5. Peter Davison (The Fifth Doctor) – 69 Episodes
Before Matt Smith came along, Peter Davison was the youngest actor to play the time-traveling Time Lord at the age of 29. Davison was originally born as a Moffett, but because there was already a Peter Moffatt in the English acting world, he changed his name. Davison made his first appearance on the show in 1981 and played the role until 1984. He has a daughter named Georgia with his wife, Sandra Dickinson. His daughter married David Tennant, who was the Tenth Doctor, and Georgia herself played the role of the Doctor’s Daughter (sort of); making them a truly Whovian family.
4. Patrick Troughton (The Second Doctor) – 119 Episodes
Patrick Troughton made his first appearance as the Doctor in 1966 and would play the role until 1969. Troughton was a working actor in New York when World War II broke out and returned to England to serve. Like other Doctor Who actors, he served in the military and had a decorated military career. After he got out of the military, Troughton went on to have a very successful career in acting and was eventually approached in 1966 to play the second Doctor, which he accepted. His children and grandchildren also became actors, and one of them is Harry Melling, otherwise known as Dudley Dursley from the Harry Potter films.

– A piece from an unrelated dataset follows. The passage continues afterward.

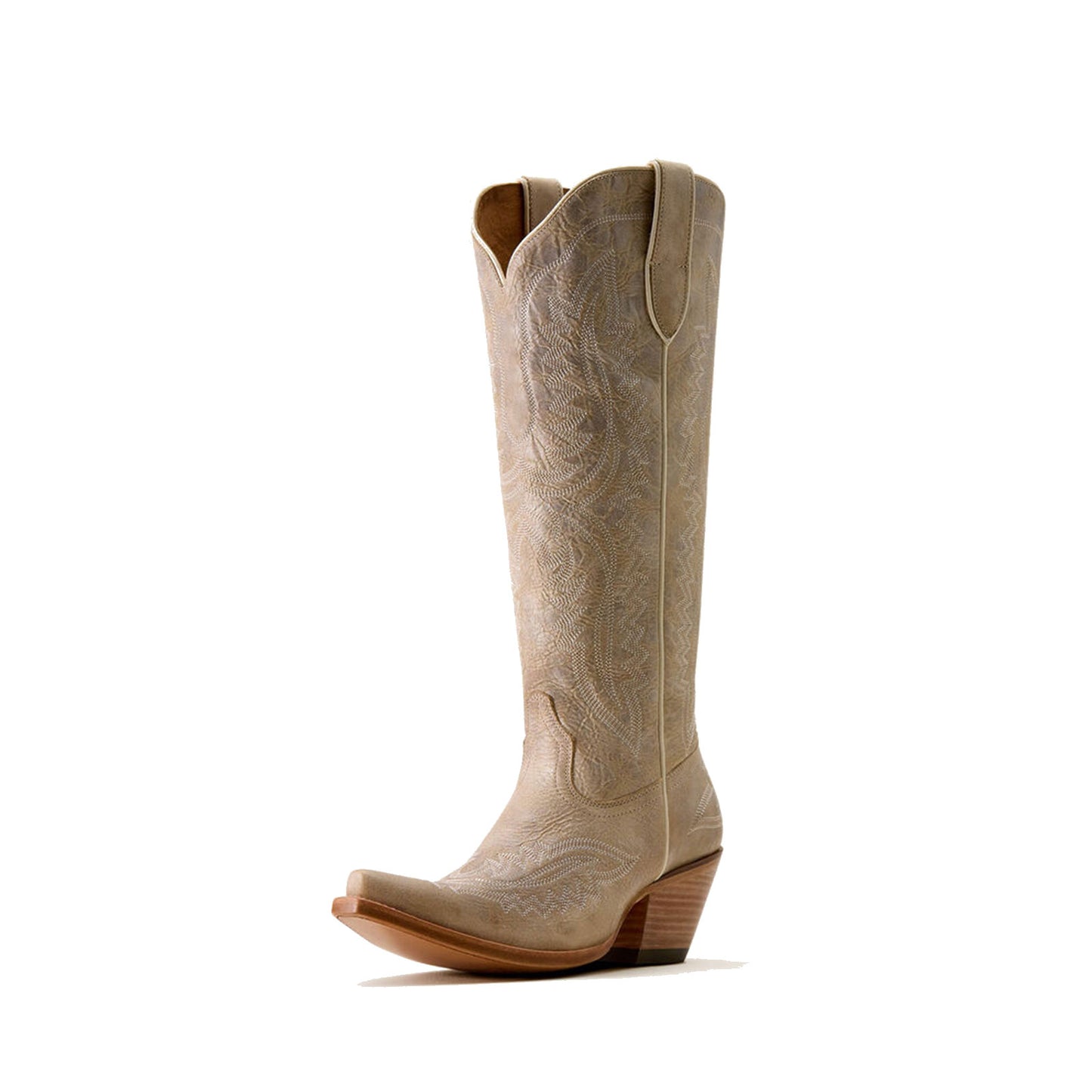 Distressed Bone Snip-Toe Intricate Embroidery Half-Zip Knee High Cowgirl Boots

3. Jon Pertwee (The Third Doctor) – 128 Episodes
Jon Pertwee came from a family of actors, and when he heard that the producers were seeking a new Doctor, he contacted producers to express his interest. Pertwee found out that he was already on the shortlist of potential Doctors and was eventually cast in the coveted role. His first appearance as the Doctor was in 1970, and it was different from the two previous Doctors as he performed his character with opera capes and driving cars (especially the Whomobile) in the manner of an action hero. His James Bond-like character was well-received by viewers. He stepped down from the role in 1974.

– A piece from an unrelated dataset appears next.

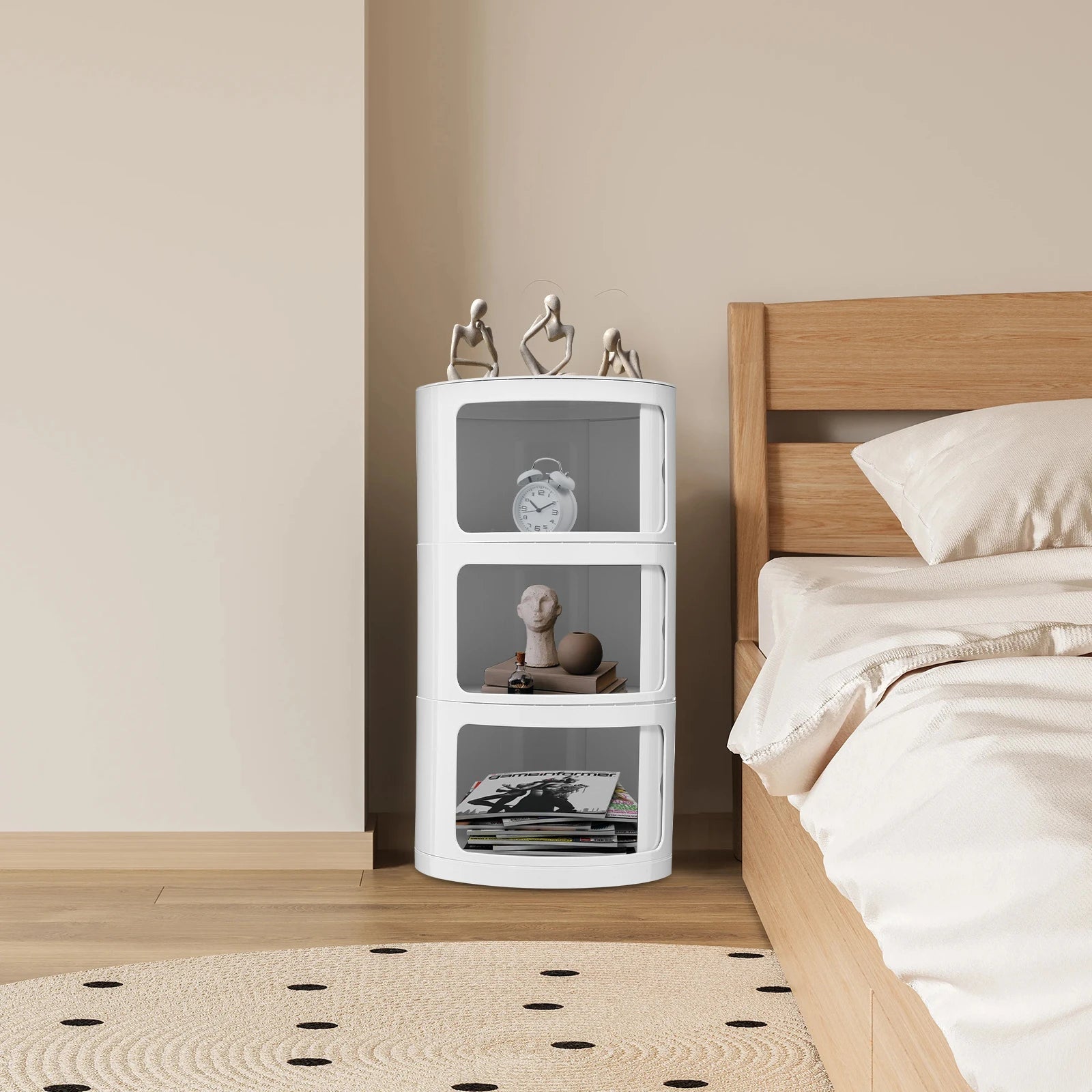 3 Layers Round Bedside Cabinet - DailyBasicNeeds.com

2. William Hartnell (The First Doctor) – 134 Episodes
William Hartnell is the man who started it all as the First Doctor in 1963. Born in 1908, Hartnell came from humble beginnings as his mother was unwed and he never knew his father. At the age of 18, he got a job as a stagehand and immediately fell in love with the art of acting and performance, and found he could land roles consistently. He had to take a break from acting to fight in World War II, but when he returned, he enjoyed a rather productive career. When he was approached about playing The Doctor, he jumped at the opportunity and greatly enjoyed his time on the show. But in 1966, his health prevented him from continuing with the show, and the producers came up with the idea of the character’s regeneration – a decision that would launch a 50-year long franchise and counting. It was Hartnell who suggested Patrick Troughton as his heir to the Doctor Who throne.
1. Tom Baker (The Fourth Doctor) – 172 Episodes
Tom Baker hails from Liverpool and was born in 1934. Baker would break records with his time on Doctor Who with a whopping seven-season career before retiring from the show. Baker has quite the extensive acting career with theatre and film credits, and even worked under Laurence Olivier. His first film role was playing Rasputin in the film, “Nicholas and Alexandra” (1971). Baker’s Doctor became iconic for his long scarf and stood out from his predecessors for his rather bohemian, colourful interpretation of the role.